--- Assigned task ---
Could the lines from the line bearing "Conjunto com bojo" to the end of the records below be copied exactly, with the pictures left out and no other lines added?

--- Dataset extract ---
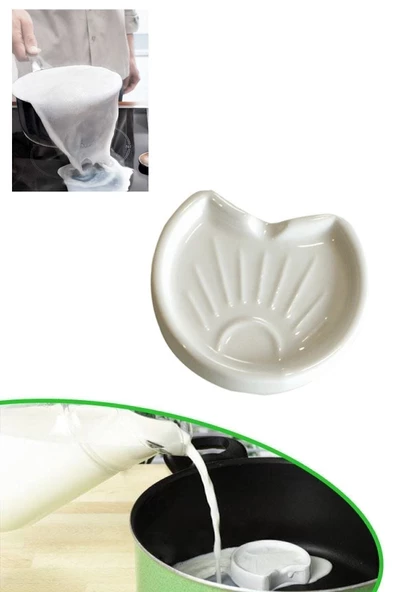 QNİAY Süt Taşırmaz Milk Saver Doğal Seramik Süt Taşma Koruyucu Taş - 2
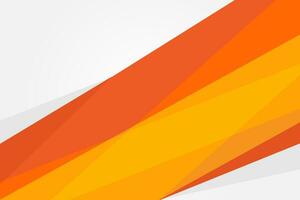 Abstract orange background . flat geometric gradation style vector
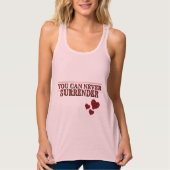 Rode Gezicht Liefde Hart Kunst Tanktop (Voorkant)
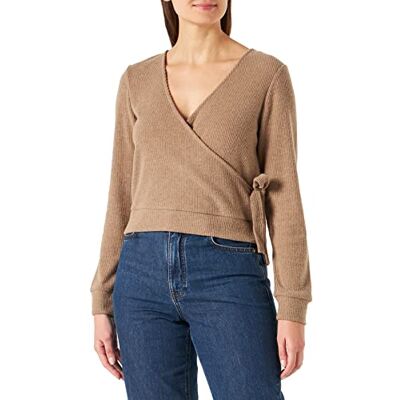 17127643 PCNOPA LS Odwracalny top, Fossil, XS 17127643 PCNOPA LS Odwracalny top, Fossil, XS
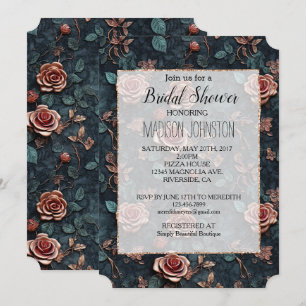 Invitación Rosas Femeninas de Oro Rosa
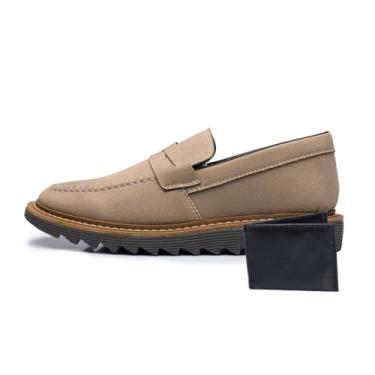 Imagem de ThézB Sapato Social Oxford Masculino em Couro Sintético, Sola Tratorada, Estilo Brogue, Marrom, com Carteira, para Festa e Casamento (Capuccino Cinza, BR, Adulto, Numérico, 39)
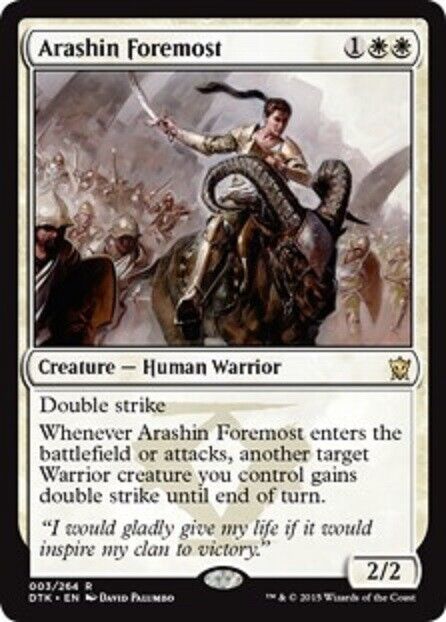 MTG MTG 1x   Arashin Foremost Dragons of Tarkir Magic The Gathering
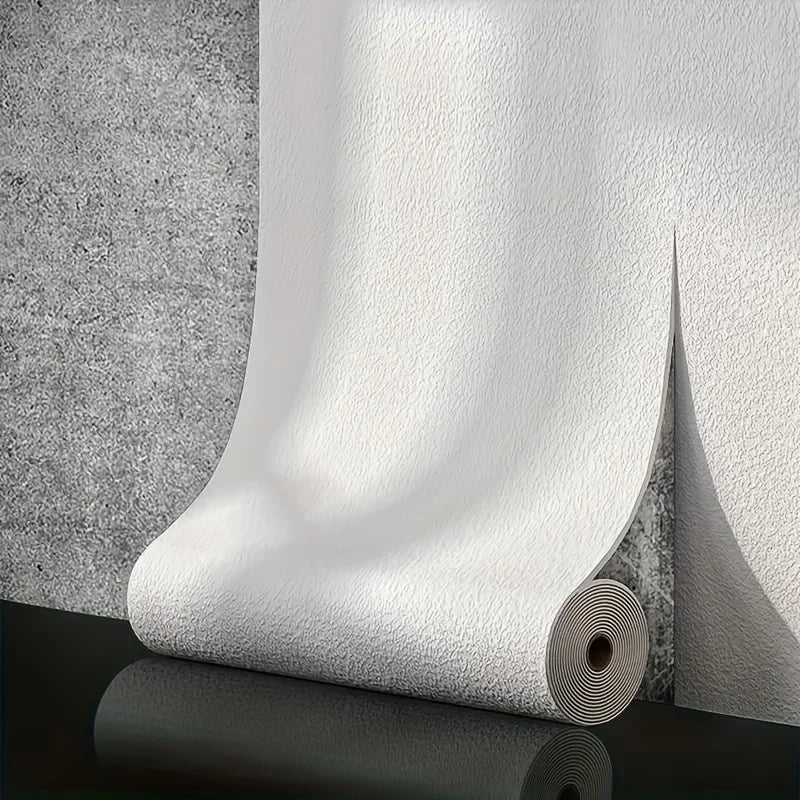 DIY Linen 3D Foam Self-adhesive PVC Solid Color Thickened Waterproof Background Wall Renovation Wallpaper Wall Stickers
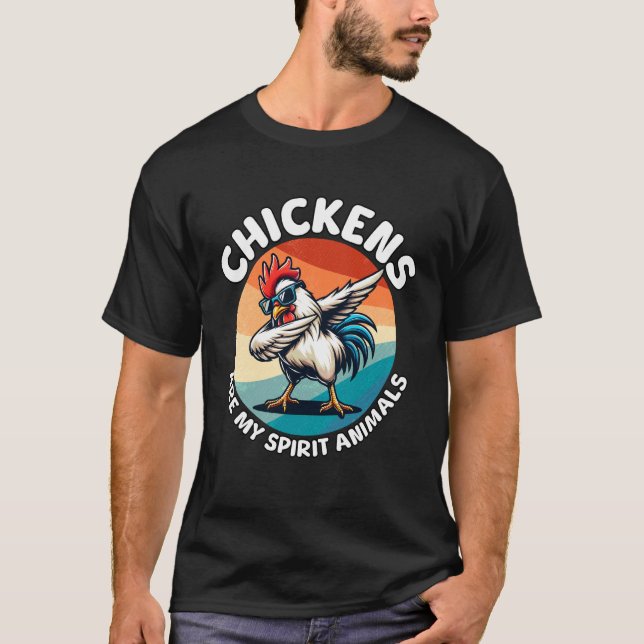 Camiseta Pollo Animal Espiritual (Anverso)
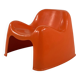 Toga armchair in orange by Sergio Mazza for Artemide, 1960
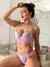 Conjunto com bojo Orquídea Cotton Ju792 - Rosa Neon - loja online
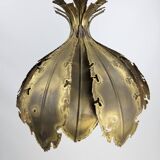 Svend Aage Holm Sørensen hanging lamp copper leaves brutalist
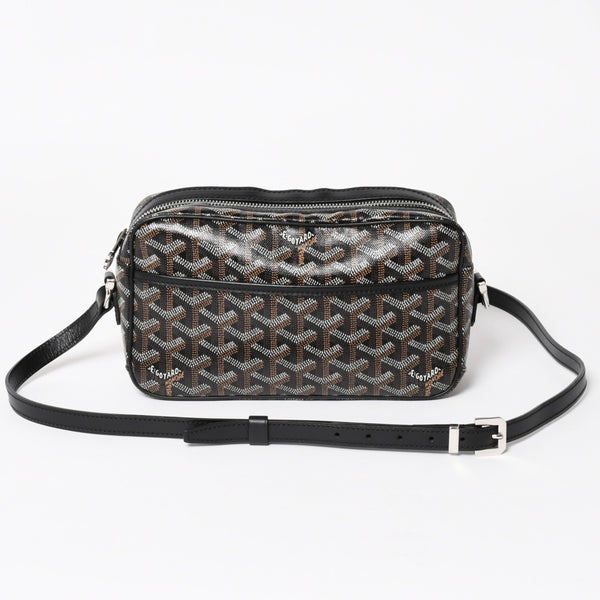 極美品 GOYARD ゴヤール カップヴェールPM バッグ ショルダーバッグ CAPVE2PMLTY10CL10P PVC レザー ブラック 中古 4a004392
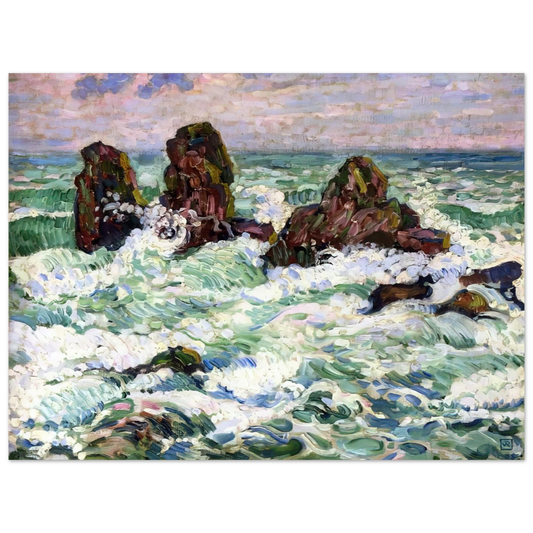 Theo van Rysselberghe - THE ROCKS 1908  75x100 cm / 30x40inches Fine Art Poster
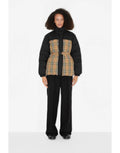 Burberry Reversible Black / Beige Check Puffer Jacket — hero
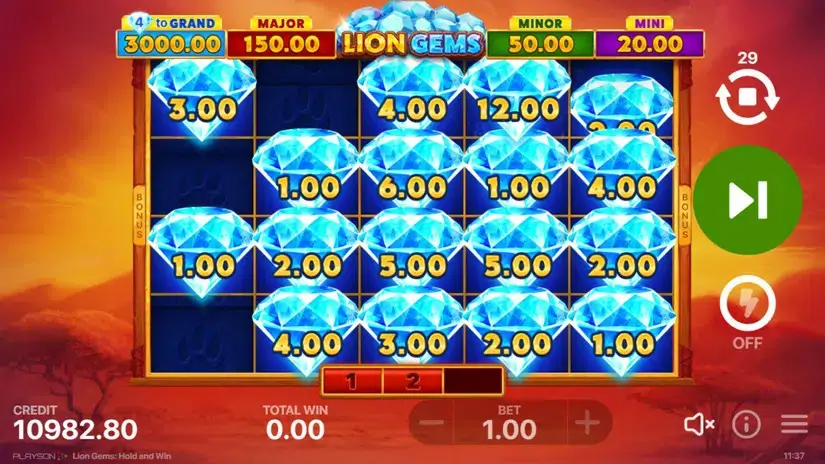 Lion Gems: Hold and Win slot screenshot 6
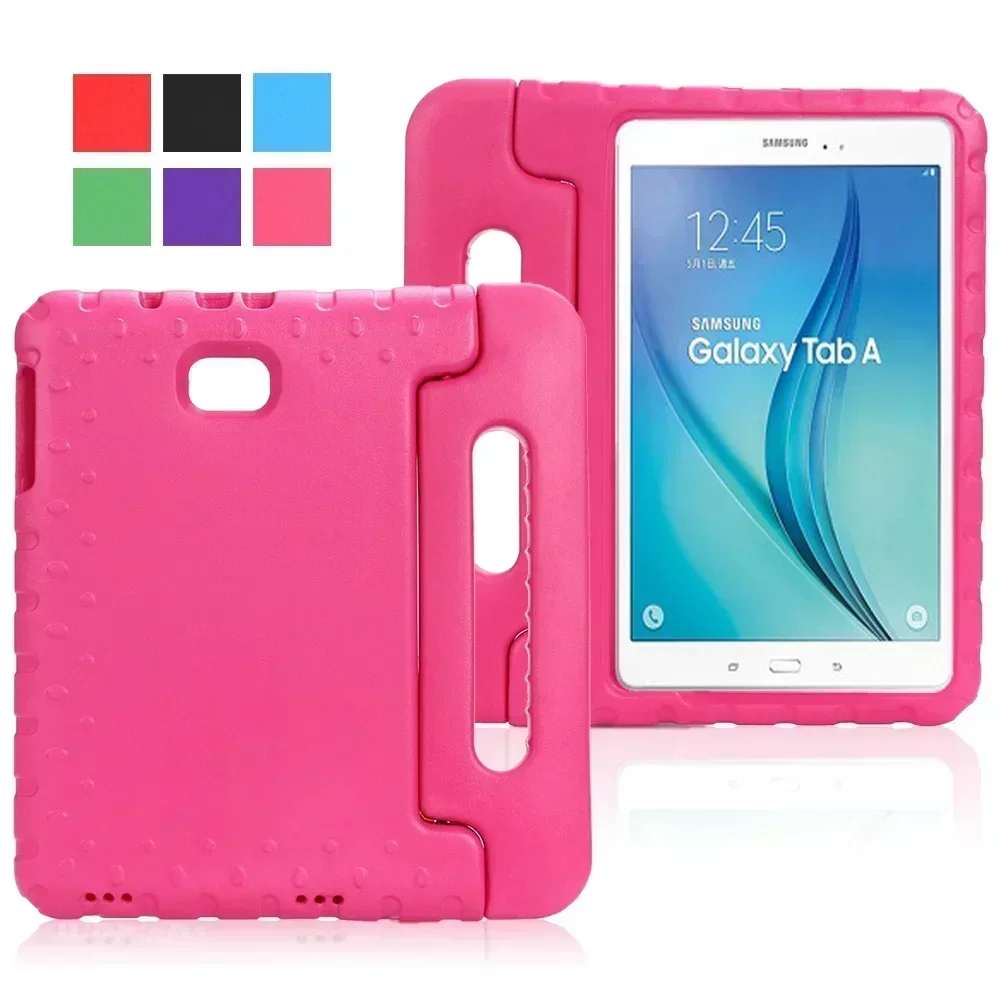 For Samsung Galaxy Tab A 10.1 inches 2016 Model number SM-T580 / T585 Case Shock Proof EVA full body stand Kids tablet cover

--- Solution to the problem ---
 Conjunto com bojo Orquídea Cotton Ju792 - Rosa Neon - loja online
 Svend Aage Holm Sørensen hanging lamp copper leaves brutalist
 極美品 GOYARD ゴヤール カップヴェールPM バッグ ショルダーバッグ CAPVE2PMLTY10CL10P PVC レザー ブラック 中古 4a004392
 Theo van Rysselberghe - THE ROCKS 1908  75x100 cm / 30x40inches Fine Art Poster
 Burberry Reversible Black / Beige Check Puffer Jacket — hero
 Lion Gems: Hold and Win slot screenshot 6
 For Samsung Galaxy Tab A 10.1 inches 2016 Model number SM-T580 / T585 Case Shock Proof EVA full body stand Kids tablet cover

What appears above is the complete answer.